*Exercise directions*
Would you transcribe the records below from the line with "ULXIOM RTD probe" to the line with "Sleeveless blouse", ends included, exactly and with nothing more, leaving the pictures out?

BEGIN Supplied material

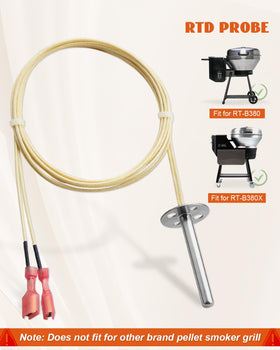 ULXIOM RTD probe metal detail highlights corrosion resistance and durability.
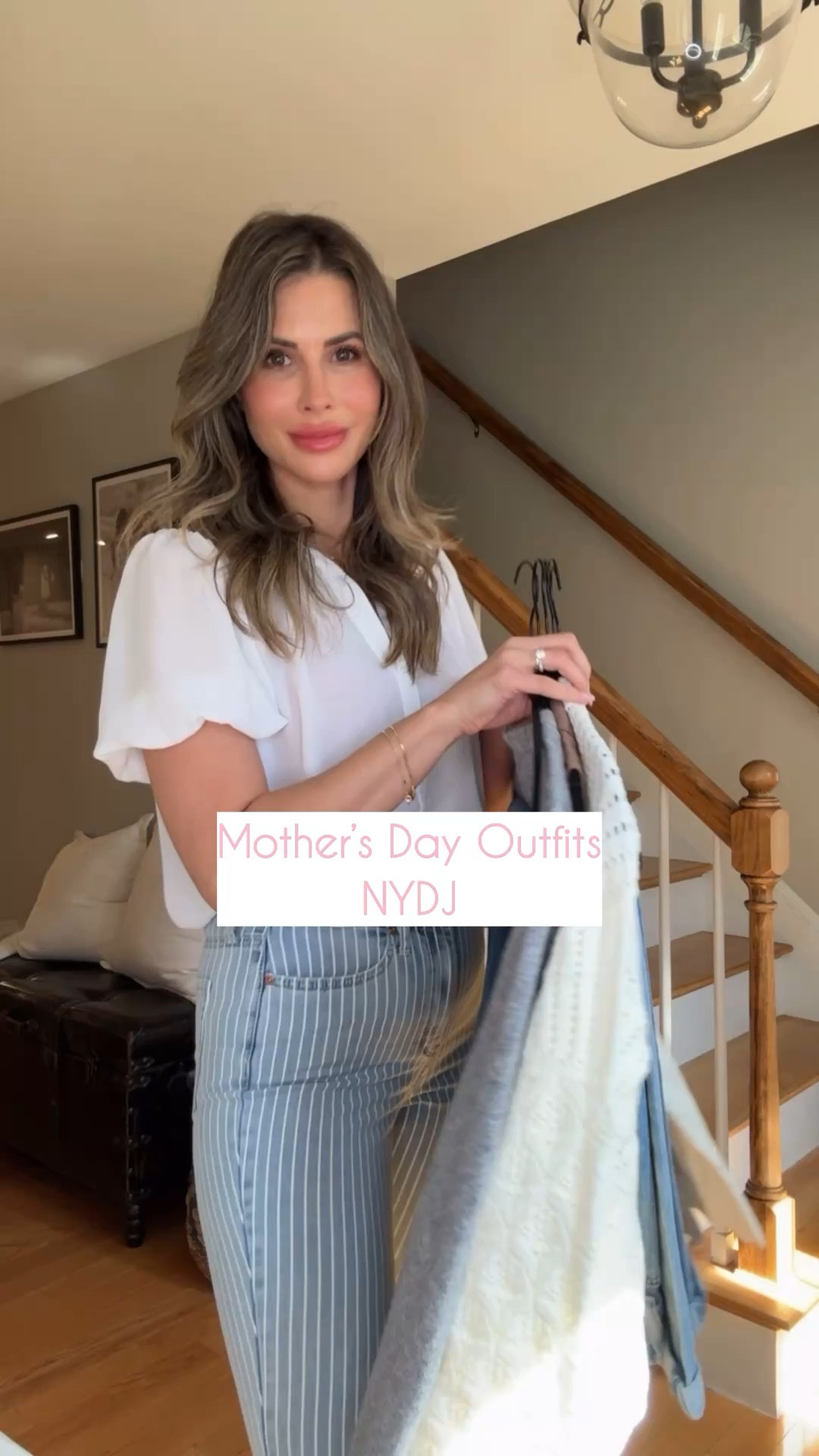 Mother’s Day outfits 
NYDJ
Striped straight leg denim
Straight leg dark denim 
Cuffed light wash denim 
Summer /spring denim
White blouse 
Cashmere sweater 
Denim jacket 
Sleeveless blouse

END Supplied material
BEGIN Supplied material

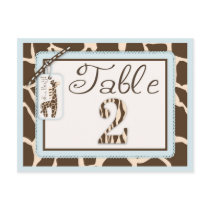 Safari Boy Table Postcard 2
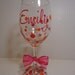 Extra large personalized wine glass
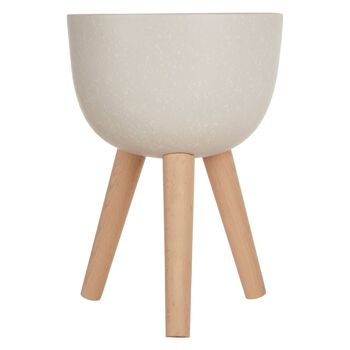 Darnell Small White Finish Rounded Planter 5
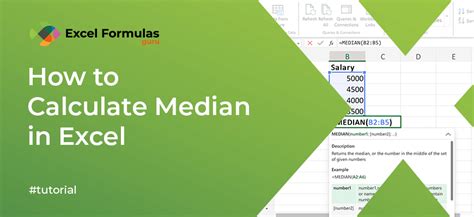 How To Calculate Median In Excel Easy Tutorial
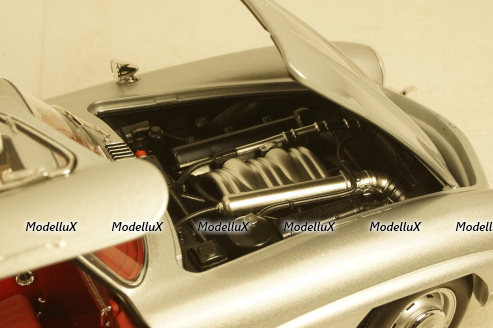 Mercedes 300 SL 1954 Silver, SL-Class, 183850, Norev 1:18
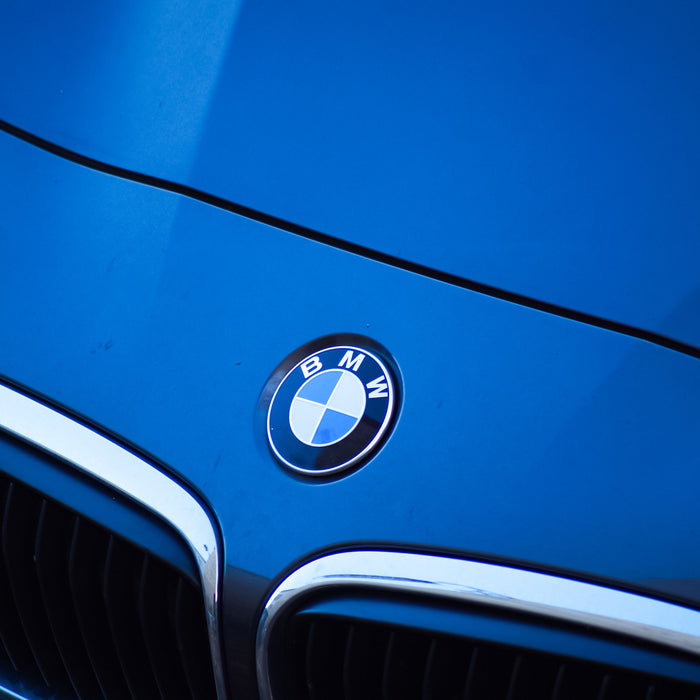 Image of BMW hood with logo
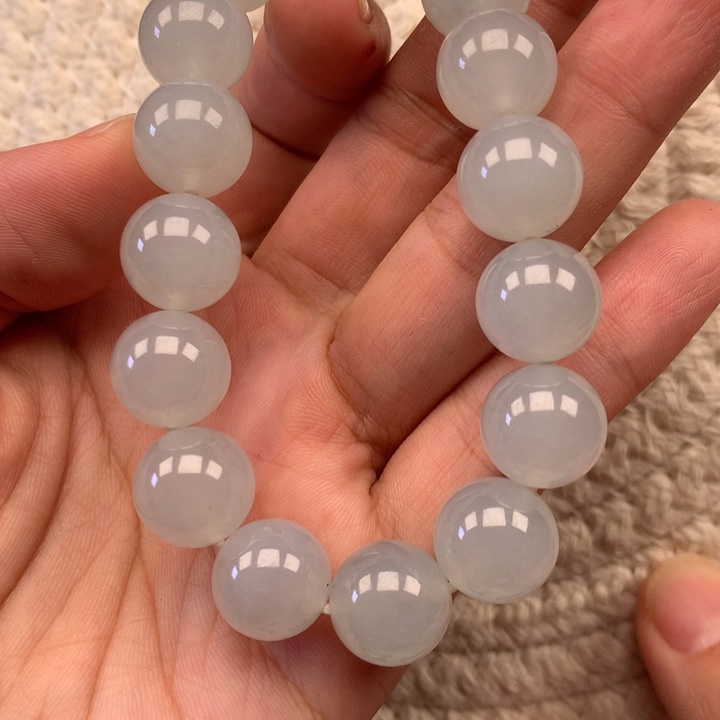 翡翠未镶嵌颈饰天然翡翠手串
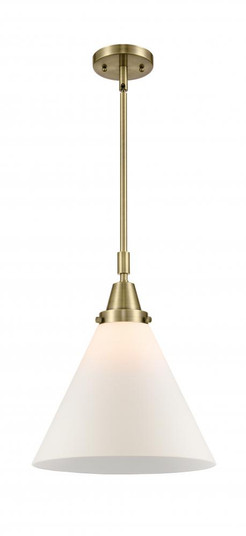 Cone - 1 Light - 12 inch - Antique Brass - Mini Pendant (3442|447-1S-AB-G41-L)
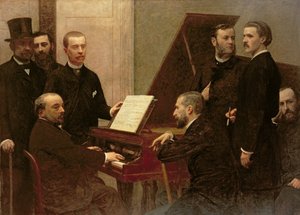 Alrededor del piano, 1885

END Supplied material
BEGIN Supplied material

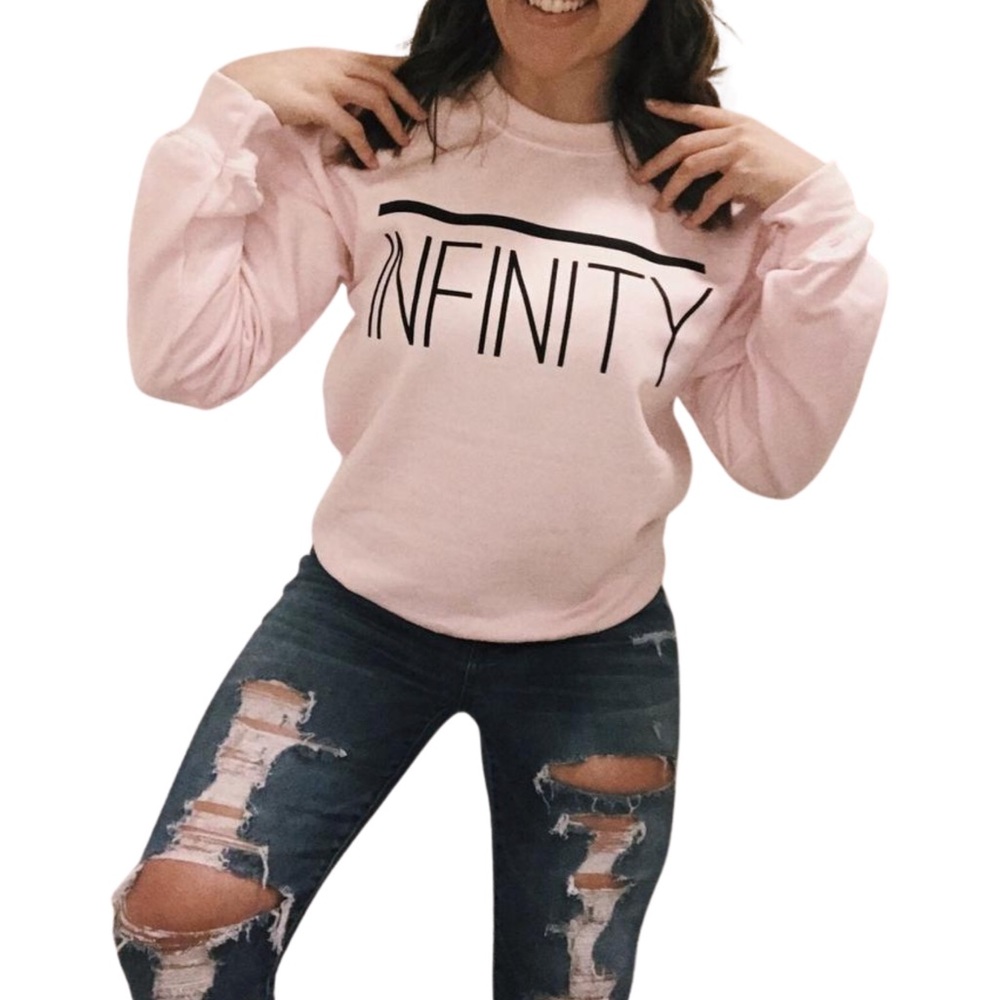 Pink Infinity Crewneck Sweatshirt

END Supplied material

*The completed task*
 ULXIOM RTD probe metal detail highlights corrosion resistance and durability.
 Mother’s Day outfits 
NYDJ
Striped straight leg denim
Straight leg dark denim 
Cuffed light wash denim 
Summer /spring denim
White blouse 
Cashmere sweater 
Denim jacket 
Sleeveless blouse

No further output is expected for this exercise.